My experience with moving from A-Levels to the big scary world of University.

Mid November the dreaded day came in which I sent my UCAS off. After cutting, pasting and editing my personal statement, looking at endless prompts and tip articles online I finally finished. I got the OK from my school and off it went, never to be seen again. Until of course, my A2 predicted grades weren’t included so I had to go through the process again, checking and double checking that everything was right and in the right places.

In my school, you have an ‘Exit Interview’ before your UCAS gets sent off. Which basically means you sit down with the head of the sixth form they check through everything (including personal statement) and say ‘right are you happy?’. On the inside, of course, I was screaming ‘NO, NO DON’T SEND IT PLEASE’ but on the outside, I gave a calm and collected ‘Yes’ and it’s gone.

Once finally saying goodbye I was more stressed once it had been sent than I was in the lead up to it being sent.
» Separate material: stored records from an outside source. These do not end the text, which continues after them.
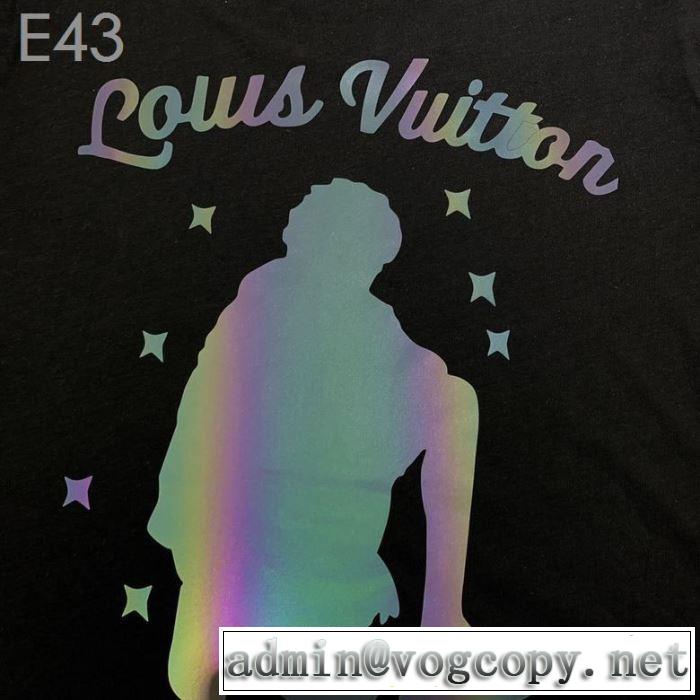 2019年最新ファッション LOUIS VUITTON Tシャツ/半袖 2色可選 入手超困難 ルイ ヴィトン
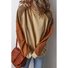 Lace Crew Neck Casual Sweatshirt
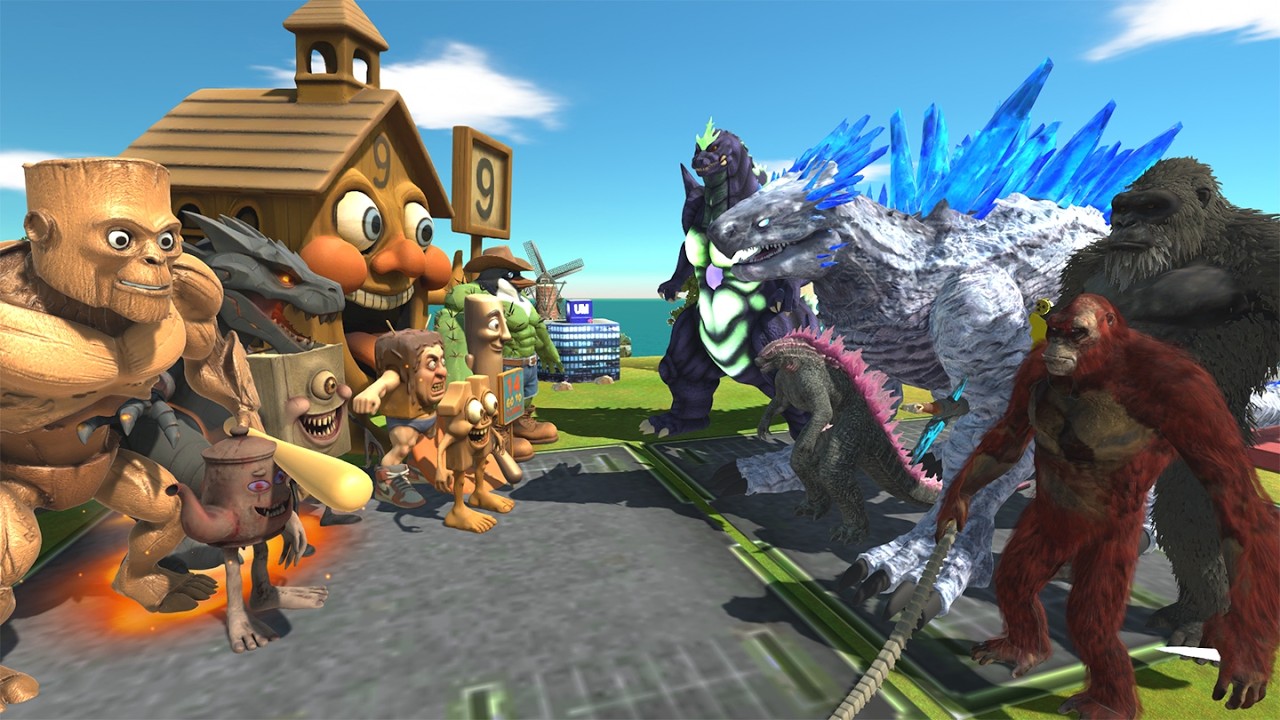 Who Win Team Brainrot vs Team Kaiju Monster Godzilla Animal Revolt Battle Simulator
I was constantly checking my phone and even put it so I would get notifications when emails came through (considering it was just after Christmas I was receiving more emails about sales…my poor bank account). Finally, I started getting replies. But then the realisation of auditions and interviews came along.
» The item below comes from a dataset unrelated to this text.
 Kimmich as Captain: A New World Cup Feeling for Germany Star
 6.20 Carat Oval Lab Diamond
Unfortunately, most drama courses require you to do an audition. All universities wanted different things, some wanted a monologue simply of my own choice, others wanted both contemporary or classic, or just one. Others sending excerpts of booklets for me to read and then discuss when at the interview. Looking for different monologues made me realise how little knowledge I had about different genres of theatre. So I began research again, looking into all the different monologues used by other candidates and so on.
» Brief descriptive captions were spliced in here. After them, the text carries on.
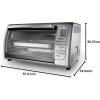 imageBlackDecker Countertop Convection Toaster Oven 8 Onetouch Cooking Functions Stainless SteelDual Rack Positions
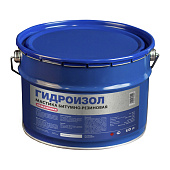 Мастика ГИДРОИЗОЛ битумно-резиновая для фундамента /10л Мастика ГИДРОИЗОЛ битумно-резиновая для фундамента /10л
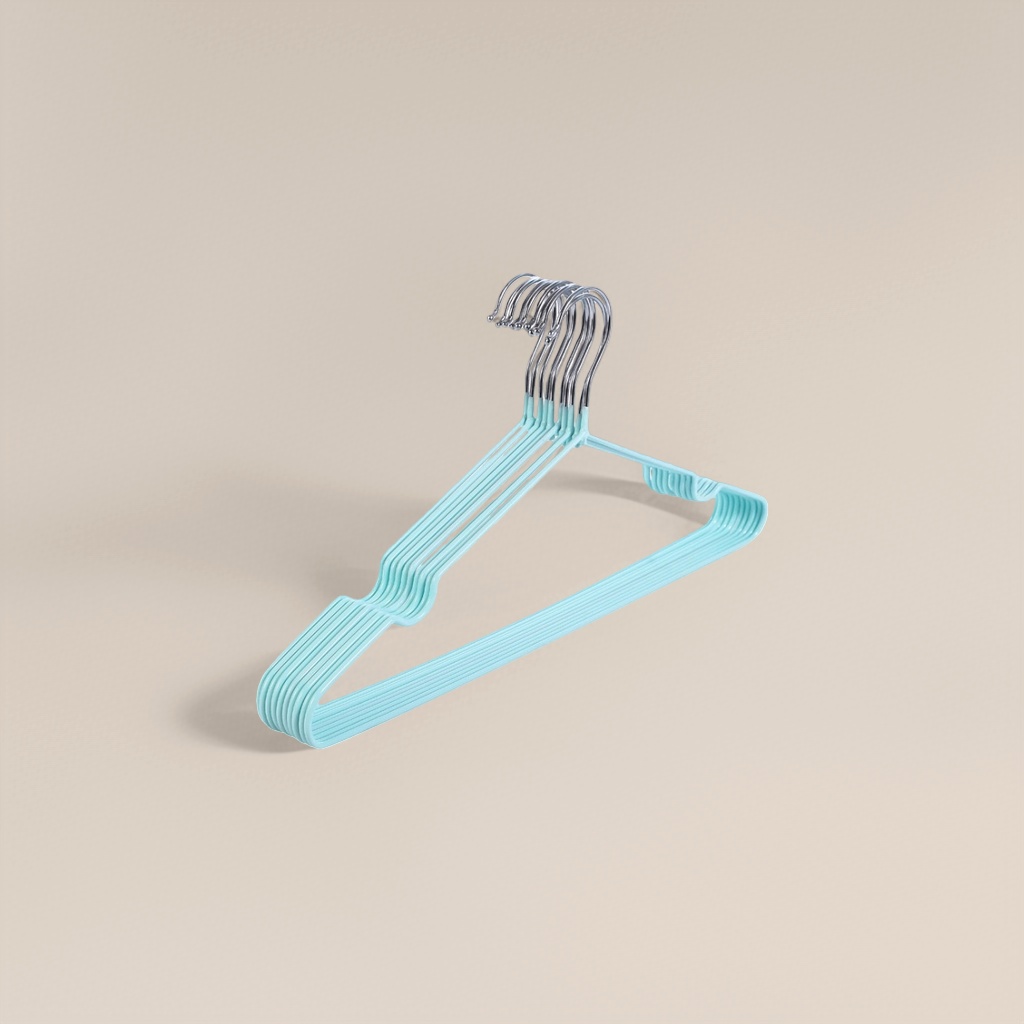 The Nordic-style green coat hanger is a simple, modern and highly load-bearing household hanger without the need for drilling details Picture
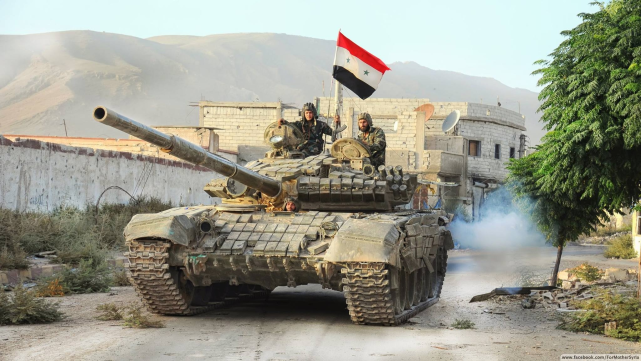 【叙利亚陆军的T-72 AV坦克】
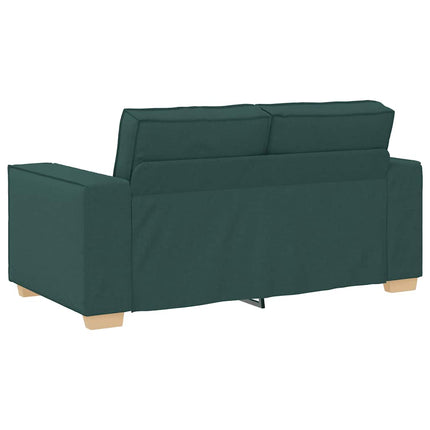 Canapé 2 places Vert foncé 120 cm Tissu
So currently I have heard back from a total of 4 universities. Some took weeks to reply. I have one audition next week and an interview the week after. However, 2 of my choices said no to me. At first, I was heartbroken because it was the one university I really wanted to go to. Pro-tip: do not be disheartened! Looking back now I’m kind of happy that they said no! It means I’m finally getting out of my hometown. I can explore a bit.

The one thing I regret when making my choices is not going to more open days. I only went to one and that was in my hometown. So, now I’m not going to know whether I’m going to be able to see myself at these places until I go.

But if you’re going through this current situation no matter what you’re applying for here’s some tips:

  1. Don’t be sad if universities decline you, it clearly wasn’t meant to be.
  2. Go to as many open days as possible!
  3. If you have to audition, make sure you have a few audition pieces in your back pocket.
  4. Don’t lie in your personal statement, they may ask you a question about what you’ve written.
  5. Read around the university, learn things about it.
  6. Seem interested! Especially during tours, we all know you don’t care who the building was named after but try.
  7. Look at the course information and what they study, if you dislike something in it and they ask you about it what are you going to say? ‘Sorry, I don’t really like the study of ___’
  8. Enjoy being in a different place!